(SUPPLIED MATERIAL)
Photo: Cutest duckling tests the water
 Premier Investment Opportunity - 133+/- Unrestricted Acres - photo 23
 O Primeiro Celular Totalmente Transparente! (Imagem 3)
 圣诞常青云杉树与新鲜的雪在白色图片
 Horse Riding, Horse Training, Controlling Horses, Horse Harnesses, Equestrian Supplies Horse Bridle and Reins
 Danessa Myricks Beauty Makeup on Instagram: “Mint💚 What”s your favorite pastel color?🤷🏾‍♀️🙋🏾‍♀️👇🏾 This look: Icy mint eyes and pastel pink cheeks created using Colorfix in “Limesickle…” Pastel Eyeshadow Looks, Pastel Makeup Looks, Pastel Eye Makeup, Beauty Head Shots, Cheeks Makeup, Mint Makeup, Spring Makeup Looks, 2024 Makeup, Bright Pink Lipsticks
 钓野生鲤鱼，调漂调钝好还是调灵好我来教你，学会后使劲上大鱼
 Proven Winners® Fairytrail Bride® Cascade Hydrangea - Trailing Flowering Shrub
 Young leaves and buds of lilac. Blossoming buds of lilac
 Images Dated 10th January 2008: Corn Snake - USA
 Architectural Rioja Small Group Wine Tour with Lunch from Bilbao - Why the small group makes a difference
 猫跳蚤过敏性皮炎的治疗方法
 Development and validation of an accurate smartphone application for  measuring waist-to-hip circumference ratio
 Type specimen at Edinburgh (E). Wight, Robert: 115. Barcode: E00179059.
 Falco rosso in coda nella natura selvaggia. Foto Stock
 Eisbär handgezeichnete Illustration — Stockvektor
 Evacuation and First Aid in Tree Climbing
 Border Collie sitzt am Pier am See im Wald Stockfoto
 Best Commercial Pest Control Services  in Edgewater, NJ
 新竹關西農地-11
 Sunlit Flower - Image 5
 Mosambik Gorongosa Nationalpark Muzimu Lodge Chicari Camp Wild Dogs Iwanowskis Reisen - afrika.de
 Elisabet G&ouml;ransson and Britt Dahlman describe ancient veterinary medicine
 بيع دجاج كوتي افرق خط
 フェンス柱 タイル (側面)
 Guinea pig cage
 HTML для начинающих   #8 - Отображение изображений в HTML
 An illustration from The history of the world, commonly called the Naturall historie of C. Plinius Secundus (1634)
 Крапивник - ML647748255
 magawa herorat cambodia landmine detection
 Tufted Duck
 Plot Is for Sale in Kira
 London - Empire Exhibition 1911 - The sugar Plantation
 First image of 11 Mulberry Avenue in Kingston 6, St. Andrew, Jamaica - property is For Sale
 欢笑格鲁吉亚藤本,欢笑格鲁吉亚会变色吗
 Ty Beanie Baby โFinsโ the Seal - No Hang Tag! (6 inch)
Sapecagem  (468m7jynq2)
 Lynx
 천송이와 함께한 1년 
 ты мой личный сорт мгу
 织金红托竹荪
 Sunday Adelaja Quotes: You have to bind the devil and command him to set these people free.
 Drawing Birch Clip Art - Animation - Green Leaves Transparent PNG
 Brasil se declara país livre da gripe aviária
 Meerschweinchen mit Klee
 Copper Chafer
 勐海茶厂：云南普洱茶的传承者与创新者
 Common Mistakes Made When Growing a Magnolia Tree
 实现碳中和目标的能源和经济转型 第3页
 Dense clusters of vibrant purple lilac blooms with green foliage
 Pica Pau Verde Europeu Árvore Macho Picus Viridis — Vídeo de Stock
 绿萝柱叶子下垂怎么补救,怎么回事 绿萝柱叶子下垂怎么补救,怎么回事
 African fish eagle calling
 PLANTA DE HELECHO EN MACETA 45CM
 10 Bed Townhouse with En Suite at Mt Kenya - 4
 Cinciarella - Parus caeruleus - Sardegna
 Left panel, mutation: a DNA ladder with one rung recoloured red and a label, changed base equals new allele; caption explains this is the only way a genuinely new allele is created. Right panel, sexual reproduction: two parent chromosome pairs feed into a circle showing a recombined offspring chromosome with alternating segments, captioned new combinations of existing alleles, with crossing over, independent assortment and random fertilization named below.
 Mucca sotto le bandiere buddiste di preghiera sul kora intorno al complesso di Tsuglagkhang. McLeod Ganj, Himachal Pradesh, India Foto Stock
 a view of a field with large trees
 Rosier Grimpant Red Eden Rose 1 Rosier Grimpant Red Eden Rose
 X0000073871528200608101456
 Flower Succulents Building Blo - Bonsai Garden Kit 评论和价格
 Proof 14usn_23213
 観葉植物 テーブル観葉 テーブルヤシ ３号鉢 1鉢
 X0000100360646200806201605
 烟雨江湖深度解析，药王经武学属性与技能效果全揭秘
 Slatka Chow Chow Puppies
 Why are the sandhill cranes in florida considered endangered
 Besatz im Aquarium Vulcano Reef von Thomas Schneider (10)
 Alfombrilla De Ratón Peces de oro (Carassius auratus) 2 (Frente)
(End SUPPLIED MATERIAL)
## THE PROBLEM
Whenever a line of the records holds the string "lilac", pick it out and copy it.

## REPLY TO THE TASK
 Young leaves and buds of lilac. Blossoming buds of lilac
 Dense clusters of vibrant purple lilac blooms with green foliage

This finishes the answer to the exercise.